Securing Electricity in Afghanistan

Securing Electricity in Afghanistan


Afghanistan’s efforts to restore electricity to underserved citizens improved dramatically with the approval of a new energy agreement with Uzbekistan in October 2018. 

Uzbekistan’s national energy company, Uzbekenergo, will help modernize Afghanistan’s electrical grid by building a $150 million transmission line from Surkhan in Uzbekistan to Puli-Khumri in northern Afghanistan.

Although Uzbekistan has supplied Afghanistan with electricity since 2002, connections have been insufficient to cover the whole country. In 2017, Afghanistan signed a contract with Uzbekistan to buy nearly 2 billion kilowatt hours of electricity and have transmitted some of that power through lines in Tajikistan. 

Central Asian states have increasingly integrated their electrical networks and await infrastructure improvements to sell more of their surplus power to Afghanistan.

Uzbekenergo sees itself as a hub of a regional power grid that can supply electricity to underserved areas. It estimates the new Afghan power lines could boost Uzbek electricity exports by 70 percent.  
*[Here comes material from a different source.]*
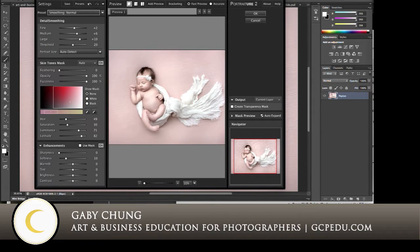Hello friends, this is Gabby Chung with Art and Business Education for Photographers. Today I am going to do a quick portraiture demonstration for those of you who have asked about portraiture, and for anybody else who might be interested. I thought that making this little video and showing you the program in action and how I use it, what it can do for your images, will help you make that decision.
From the point of view of the government in Kabul, providing critical services to distant provinces would help unite a country in which extremists like the Taliban try to incite popular discontent. 

The new power line to Afghanistan would also allow the Hairatan-Mazar-i-Sharif railroad between Uzbekistan and Afghanistan to switch from diesel to electric locomotives, reducing the cost of cargo.